Lipset’s optimism may be well-placed. On Sept. 18, the House Committee on Energy and Commerce advanced a bill that would restart the program.
The Stifel analysts additionally highlighted the newly introduced Commissioner’s National Priority Voucher (CNPV), a similar type of expedited review voucher that can be issued to sponsors developing therapies that are “aligned with U.S. national priorities,” saying it signals the FDA’s interest in accelerating CGT therapies.
“All the while, FDA’s public comments regarding its desire to help expedite clinical development for rare disease—at the public cell and gene therapy roundtable and other forums—in addition to newly introduced programs,” such as the CNPV, “have been broadly viewed as positive for the space,” the analysts wrote in their September note.
From a clinical trial design standpoint, Lipset said there are still innovations the FDA has left on the table. “Synthetic control arms and digital twins are other options,” he noted. The former is a statistical method for creating external controls using outside data, while the latter is a digital version of a patient, using patient data to essentially model what would happen to that patient if they did not receive a treatment, to create a type of self control.
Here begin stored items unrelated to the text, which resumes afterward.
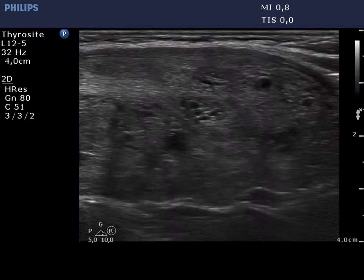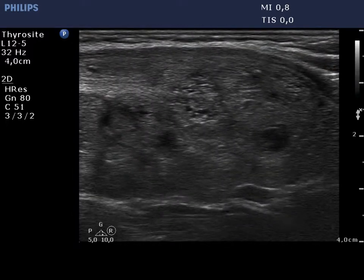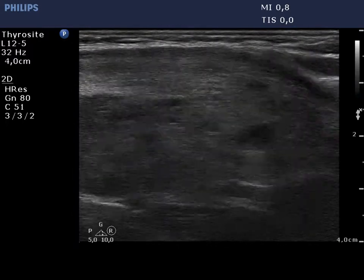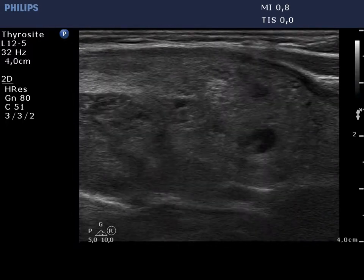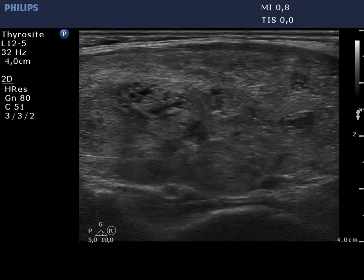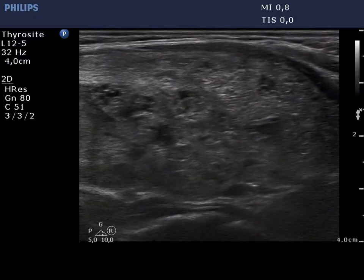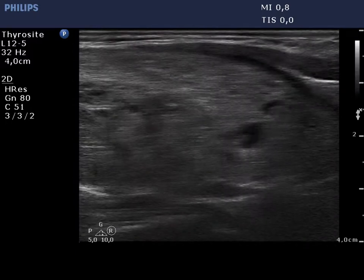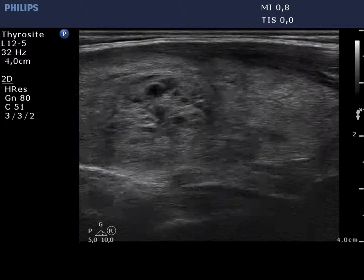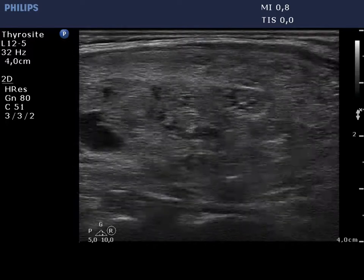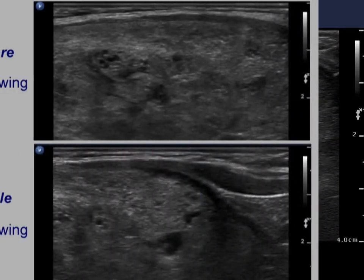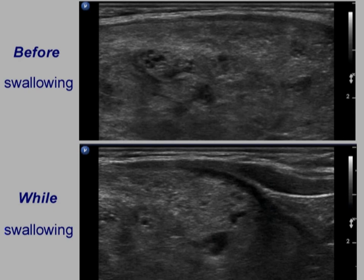Now the longitudinal view is presented. Note the lower pole of the lobe, on the right in the video, before swallowing. The upper image demonstrates the position before, while the lower one shows the movement while swallowing and when the lower pole came into sight.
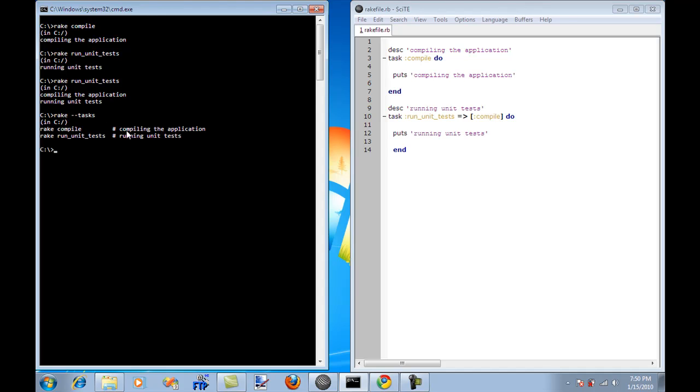And now you're going to see that these are my tasks. And on the right hand side, it's a description of the task. Compiling the application, running unit tests.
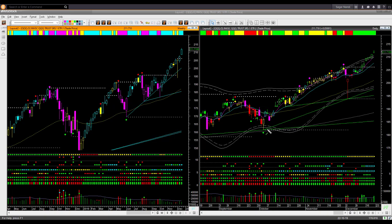NASDAQ ETF QQQ is similar to SPY but even stronger. Price made a new all-time high; the weekly backdrop color is bullish and the shape is clearly bullish — more bullish than SPY. In the daily chart, price is going up above the upper boundary level — too extended to take a new long trade. If you are holding long positions you may continue to hold them.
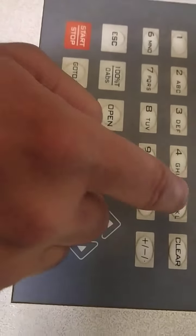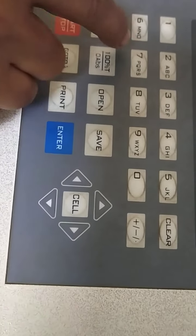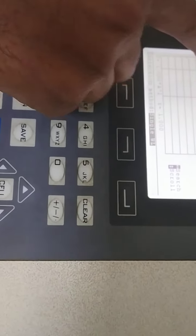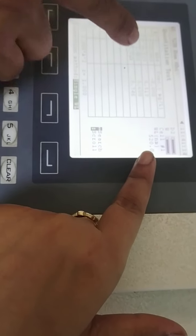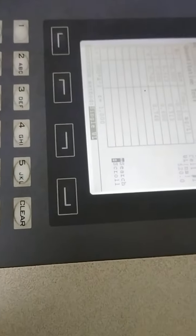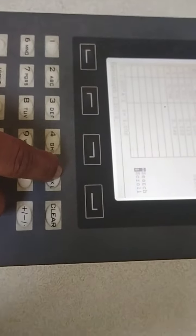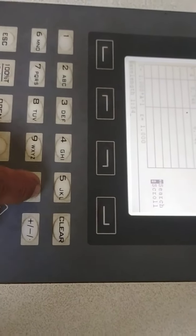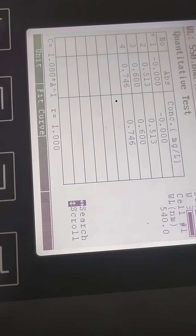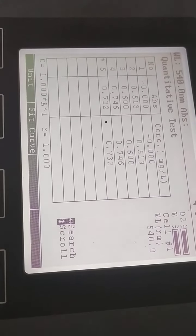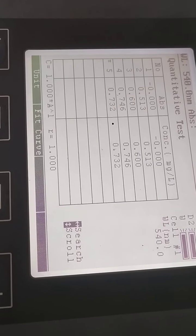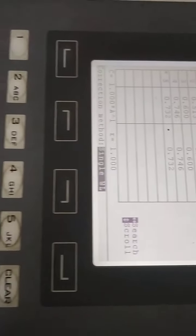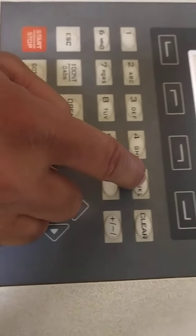Now further we want to change our wavelength to 540. Now further we want to change our wavelength to 550.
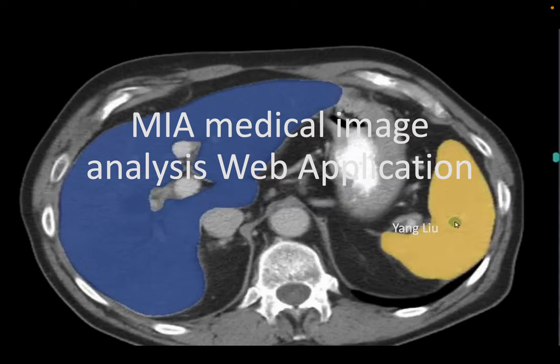Hi everyone, my name is Yang Liu and today I'm excited to introduce my final year project MIA. In this video, I will provide some background on the project, explain its purpose, and demonstrate the key features of my system.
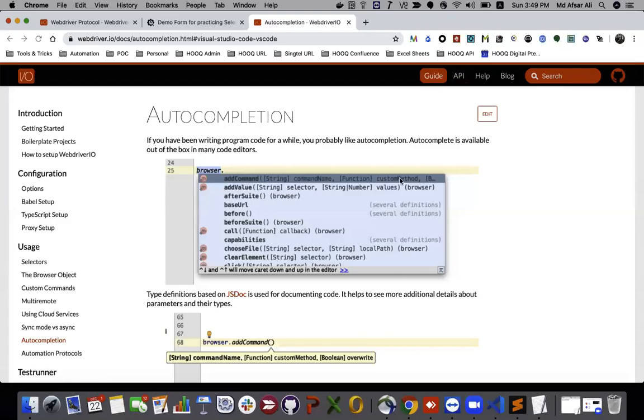Hello everyone, this is Apsar Ali. In this video tutorial we're going to see about auto-completion of WebDriver.io in Visual Studio Code.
But Lipset cautioned that just redesigning clinical trials is not in itself a panacea that will turn the tide for a CGT space struggling with commercialization and investment challenges. Even pharmaceutical giants are facing hurdles. Take Takeda, which this week shut down its cell therapy unit altogether.
“Traditional biopharma models necessitate getting return on the investment,” he said. “When manufacturing costs are extreme, it’s hard for us to realize a return that society can tolerate. Even a more efficient clinical trial design won’t help.”